Social media have become ‘the’ source for inspiration for anyone interested in planning a home improvement. From creating ideabooks and connecting with design professionals and suppliers on Houzz, to curating moodboards on Pinterest, and even collecting ideas on Instagram, there is a wealth of resources available today that didn’t exist 10 years ago.
Your needs and tastes may change over time
Very often, when planning a home improvement, compromises will need to be made. Budget restrictions, for example, mean it’s not possible to achieve everything on your wishlist. This can be a blessing in disguise because, over time, you might find your needs or even tastes will change.
Trends will date
The other thing to be careful with on social media is trends. Interiors trends move almost as quickly pay as fashion trends nowadays. What’s ‘in’ now may be outdated next season. The photos posted on social media sites will tend to be very trend-led – so you could find yourself being taken in a particular direction you won’t necessarily like in a few years time.
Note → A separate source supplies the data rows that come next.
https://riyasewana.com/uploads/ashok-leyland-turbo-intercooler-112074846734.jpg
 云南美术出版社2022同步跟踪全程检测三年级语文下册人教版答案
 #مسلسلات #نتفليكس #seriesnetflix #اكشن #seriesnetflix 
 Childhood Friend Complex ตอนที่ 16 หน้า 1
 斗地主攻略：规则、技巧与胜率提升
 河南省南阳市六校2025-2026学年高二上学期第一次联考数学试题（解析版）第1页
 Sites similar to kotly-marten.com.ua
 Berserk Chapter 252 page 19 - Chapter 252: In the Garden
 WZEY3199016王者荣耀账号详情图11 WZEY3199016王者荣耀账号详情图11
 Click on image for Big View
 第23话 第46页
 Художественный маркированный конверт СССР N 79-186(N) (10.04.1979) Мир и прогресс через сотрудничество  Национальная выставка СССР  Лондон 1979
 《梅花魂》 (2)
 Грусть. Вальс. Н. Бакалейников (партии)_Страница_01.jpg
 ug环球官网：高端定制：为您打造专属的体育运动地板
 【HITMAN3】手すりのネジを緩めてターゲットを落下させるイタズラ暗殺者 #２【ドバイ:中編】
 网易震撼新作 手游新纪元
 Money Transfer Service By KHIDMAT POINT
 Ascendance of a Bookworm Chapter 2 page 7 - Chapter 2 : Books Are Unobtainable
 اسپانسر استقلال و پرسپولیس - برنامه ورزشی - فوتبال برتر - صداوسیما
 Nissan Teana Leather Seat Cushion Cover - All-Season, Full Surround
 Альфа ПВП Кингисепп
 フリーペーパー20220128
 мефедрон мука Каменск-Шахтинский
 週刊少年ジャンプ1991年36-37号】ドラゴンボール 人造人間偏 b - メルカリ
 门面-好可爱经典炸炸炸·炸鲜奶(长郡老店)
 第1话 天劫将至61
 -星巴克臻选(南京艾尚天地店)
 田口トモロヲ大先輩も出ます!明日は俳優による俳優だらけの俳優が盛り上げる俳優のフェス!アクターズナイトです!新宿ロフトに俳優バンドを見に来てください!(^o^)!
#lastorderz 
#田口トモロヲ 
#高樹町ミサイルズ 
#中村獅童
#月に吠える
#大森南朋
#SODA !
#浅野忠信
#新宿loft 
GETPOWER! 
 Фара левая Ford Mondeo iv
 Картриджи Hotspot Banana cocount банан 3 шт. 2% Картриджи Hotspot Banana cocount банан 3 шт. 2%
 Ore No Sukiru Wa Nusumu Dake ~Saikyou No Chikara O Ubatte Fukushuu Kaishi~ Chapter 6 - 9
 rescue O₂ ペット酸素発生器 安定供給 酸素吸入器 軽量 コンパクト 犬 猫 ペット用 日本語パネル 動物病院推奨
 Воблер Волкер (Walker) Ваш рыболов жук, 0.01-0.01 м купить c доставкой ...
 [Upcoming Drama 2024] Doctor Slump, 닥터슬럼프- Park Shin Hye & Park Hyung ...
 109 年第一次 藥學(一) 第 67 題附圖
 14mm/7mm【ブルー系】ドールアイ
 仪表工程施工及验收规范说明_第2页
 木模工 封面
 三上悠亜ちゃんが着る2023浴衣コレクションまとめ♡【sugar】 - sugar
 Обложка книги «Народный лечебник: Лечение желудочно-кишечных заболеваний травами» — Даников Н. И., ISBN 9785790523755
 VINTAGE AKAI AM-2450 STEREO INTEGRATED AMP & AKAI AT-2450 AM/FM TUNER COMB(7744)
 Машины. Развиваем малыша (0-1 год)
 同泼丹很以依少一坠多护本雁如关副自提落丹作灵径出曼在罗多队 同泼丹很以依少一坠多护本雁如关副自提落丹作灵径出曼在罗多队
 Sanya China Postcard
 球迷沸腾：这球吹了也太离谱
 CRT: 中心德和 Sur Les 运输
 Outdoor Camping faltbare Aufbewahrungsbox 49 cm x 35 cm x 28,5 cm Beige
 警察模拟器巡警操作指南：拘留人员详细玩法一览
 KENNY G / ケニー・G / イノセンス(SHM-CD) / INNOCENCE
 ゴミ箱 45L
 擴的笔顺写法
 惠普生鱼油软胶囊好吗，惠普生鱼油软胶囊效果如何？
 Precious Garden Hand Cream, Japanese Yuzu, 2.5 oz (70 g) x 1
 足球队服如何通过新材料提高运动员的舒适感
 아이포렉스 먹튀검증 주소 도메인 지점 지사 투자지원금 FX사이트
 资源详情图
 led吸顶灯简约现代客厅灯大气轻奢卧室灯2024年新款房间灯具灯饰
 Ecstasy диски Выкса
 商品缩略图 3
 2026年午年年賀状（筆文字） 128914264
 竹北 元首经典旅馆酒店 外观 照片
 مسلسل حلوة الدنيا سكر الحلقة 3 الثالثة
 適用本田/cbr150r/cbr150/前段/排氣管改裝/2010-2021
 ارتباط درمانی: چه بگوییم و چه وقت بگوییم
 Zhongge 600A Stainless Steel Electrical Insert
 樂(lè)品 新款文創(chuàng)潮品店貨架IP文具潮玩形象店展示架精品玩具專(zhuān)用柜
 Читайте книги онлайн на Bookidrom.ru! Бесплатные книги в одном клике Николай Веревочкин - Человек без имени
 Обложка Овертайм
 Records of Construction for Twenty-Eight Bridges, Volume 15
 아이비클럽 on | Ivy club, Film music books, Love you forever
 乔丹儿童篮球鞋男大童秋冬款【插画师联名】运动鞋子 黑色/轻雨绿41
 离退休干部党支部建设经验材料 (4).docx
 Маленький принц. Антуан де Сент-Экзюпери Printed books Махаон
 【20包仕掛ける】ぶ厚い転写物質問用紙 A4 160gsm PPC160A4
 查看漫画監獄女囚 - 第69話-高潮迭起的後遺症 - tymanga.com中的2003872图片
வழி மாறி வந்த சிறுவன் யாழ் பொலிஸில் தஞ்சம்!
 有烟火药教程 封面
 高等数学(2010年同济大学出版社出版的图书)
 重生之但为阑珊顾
When planning a home improvement the best way to work with trends is to introduce them in a way that can easily be changed. Things like paint and accessories can easily be updated, so I’d advise experimenting with these before committing to more expensive or permanent fixtures.
I remember my first home in London had brass taps, door handles and light switches, even the kitchen sink was brass and the first thing I did was take them all out. Now brass is back but chrome is timeless.
Rushing your decisions can lead to costly mistakes
Rushing to have everything perfect can also mean you make hasty purchases you may regret, often spending too much money and then being stuck with something you feel you can’t get rid of because of how much it originally cost. Sometimes, when planning a home improvement, it isn’t possible to find the perfect mirror for your hall or the right lamp for your sitting room, but it’s far better to wait until you stumble upon it than simply buying something to fill the gap.
Try to do everything at once and you may end up with a showhouse rather than a home
The other problem with rushing into buying everything is the danger your house ends up feeling staged and more like a showhouse than a home. A home is for living in and should evolve over time. Try to enjoy the process of finishing each room, accumulate things you love that represent something special to you.
Empty spaces don’t need to be filled straight away
Don’t worry about having empty shelves… we as humans accumulate stuff so over time I promise you will fill the space! When it comes to filling space, less is more. Be fussy about the things you surround yourself with. Do they spark memories or tell a story? Or were they simply a panic buy because you had friends coming over for dinner that evening? Take things at your own pace and don’t put yourself under undue pressure.